• [Directions for this task]: Please output the following records exactly. Leave every image out.
━━━━
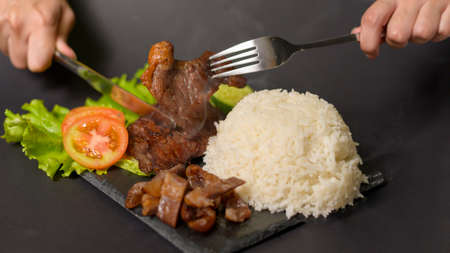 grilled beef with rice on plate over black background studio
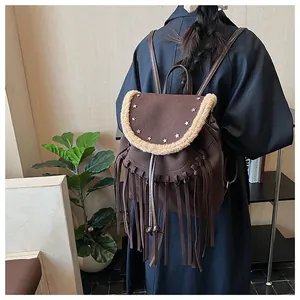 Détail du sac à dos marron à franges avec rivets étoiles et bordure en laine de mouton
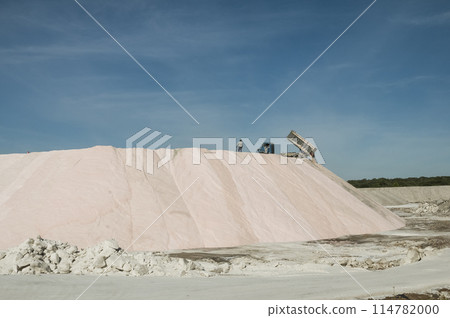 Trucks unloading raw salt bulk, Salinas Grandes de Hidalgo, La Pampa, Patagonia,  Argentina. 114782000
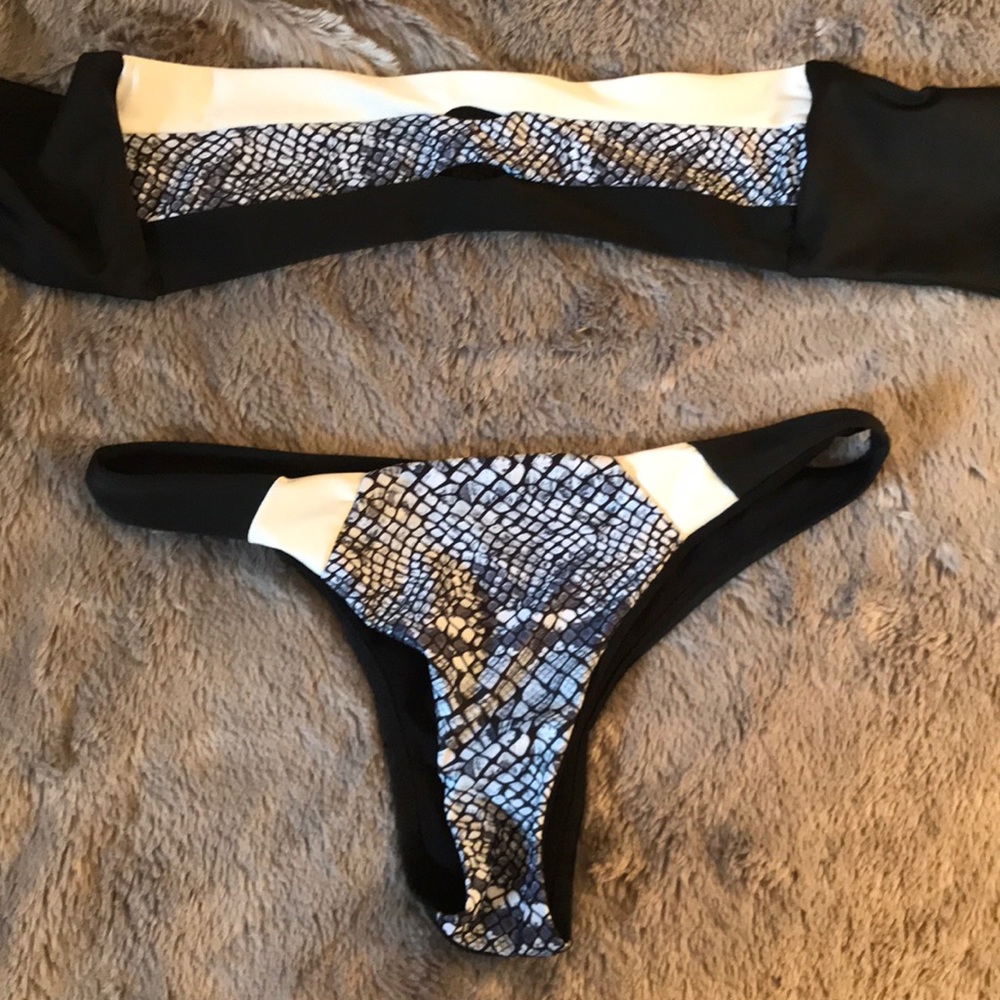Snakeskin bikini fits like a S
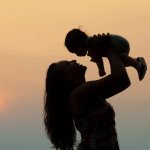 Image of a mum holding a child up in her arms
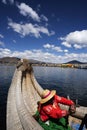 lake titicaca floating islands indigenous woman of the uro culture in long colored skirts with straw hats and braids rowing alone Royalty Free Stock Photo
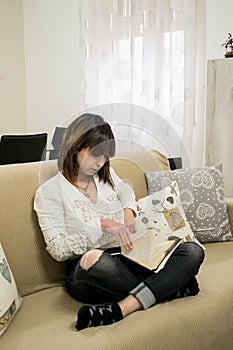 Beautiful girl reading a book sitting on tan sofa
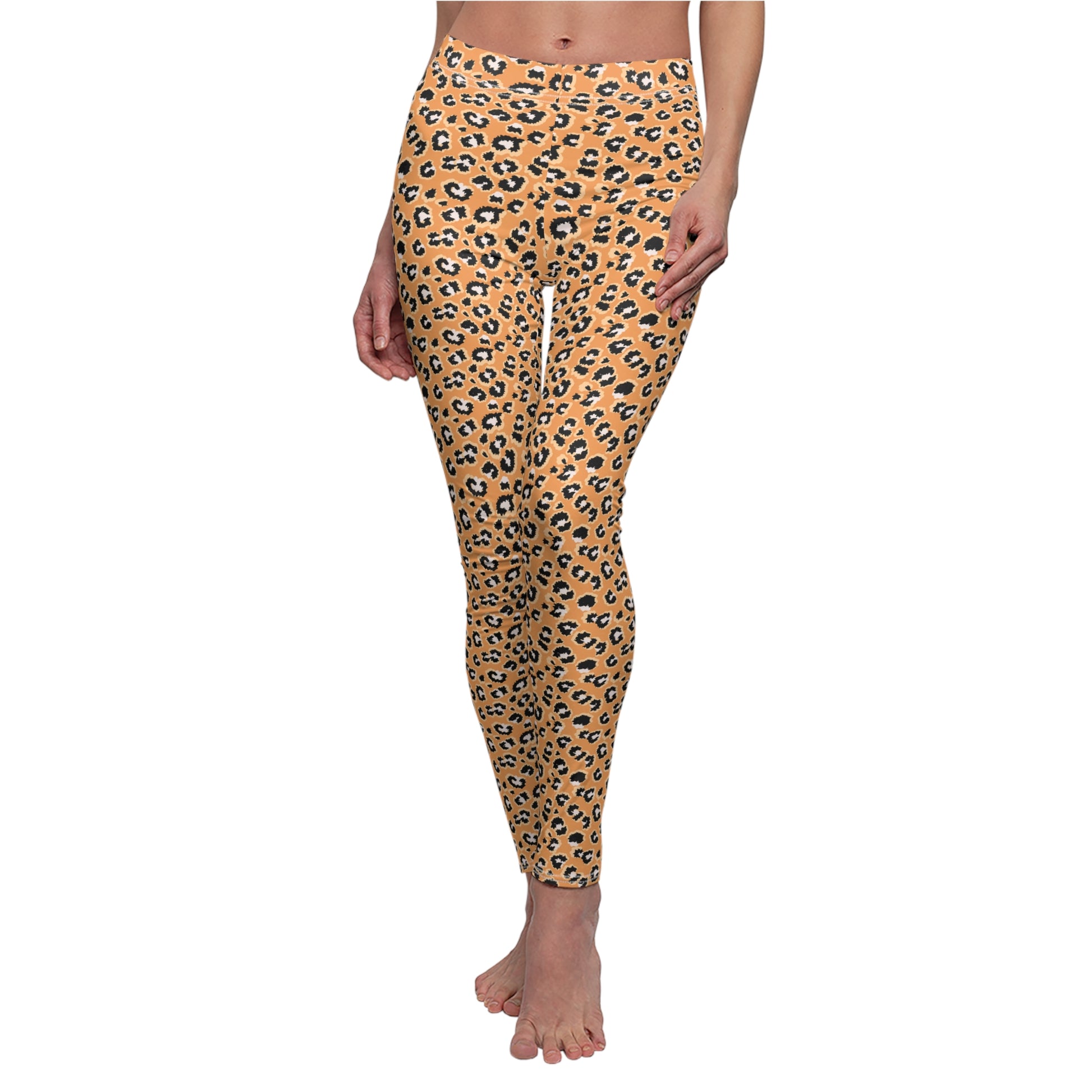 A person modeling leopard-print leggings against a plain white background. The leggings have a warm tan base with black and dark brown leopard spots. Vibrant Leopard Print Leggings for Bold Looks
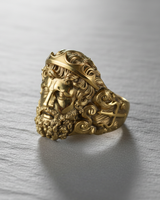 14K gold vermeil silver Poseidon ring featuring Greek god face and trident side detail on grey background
━━━━
• [Solution]:
 grilled beef with rice on plate over black background studio
 Détail du sac à dos marron à franges avec rivets étoiles et bordure en laine de mouton
 Trucks unloading raw salt bulk, Salinas Grandes de Hidalgo, La Pampa, Patagonia,  Argentina. 114782000
Snakeskin bikini fits like a S
 Image of a mum holding a child up in her arms
 lake titicaca floating islands indigenous woman of the uro culture in long colored skirts with straw hats and braids rowing alone Royalty Free Stock Photo
 Beautiful girl reading a book sitting on tan sofa
 A person modeling leopard-print leggings against a plain white background. The leggings have a warm tan base with black and dark brown leopard spots. Vibrant Leopard Print Leggings for Bold Looks
 14K gold vermeil silver Poseidon ring featuring Greek god face and trident side detail on grey background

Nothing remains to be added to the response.